PROBLEM DETAILS: Reproduce exactly, and only, the lines below from the one containing "Screw Eureka Wood" through the one containing "Eileen Fisher White".

EXERCISE DATA:
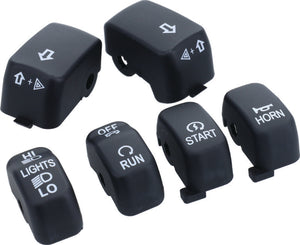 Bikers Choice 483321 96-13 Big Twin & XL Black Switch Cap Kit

--

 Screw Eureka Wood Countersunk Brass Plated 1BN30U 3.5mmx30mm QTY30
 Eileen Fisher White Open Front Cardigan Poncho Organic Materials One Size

---

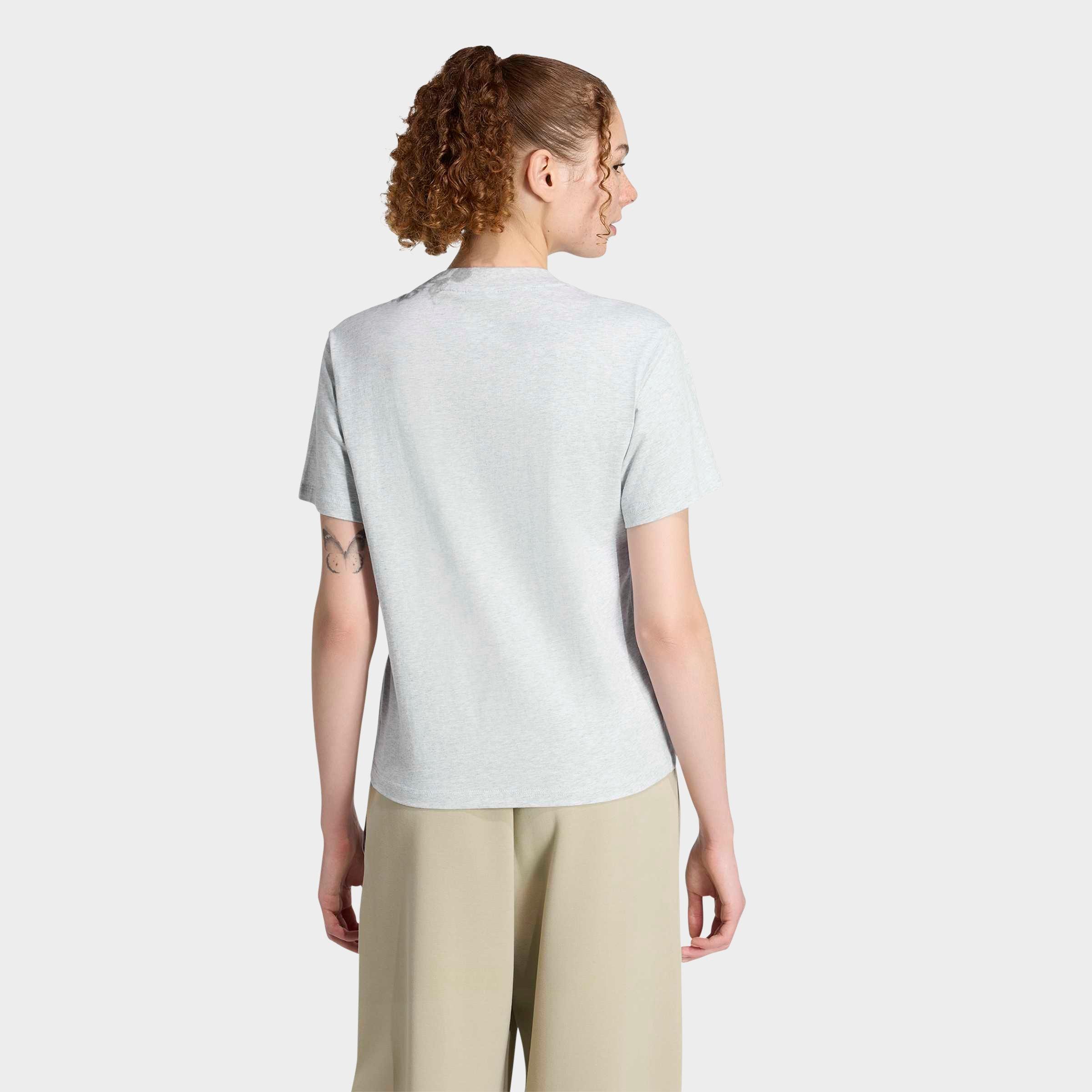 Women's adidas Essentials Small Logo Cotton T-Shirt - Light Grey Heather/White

OUTPUT FOR THIS TASK:
 Screw Eureka Wood Countersunk Brass Plated 1BN30U 3.5mmx30mm QTY30
 Eileen Fisher White Open Front Cardigan Poncho Organic Materials One Size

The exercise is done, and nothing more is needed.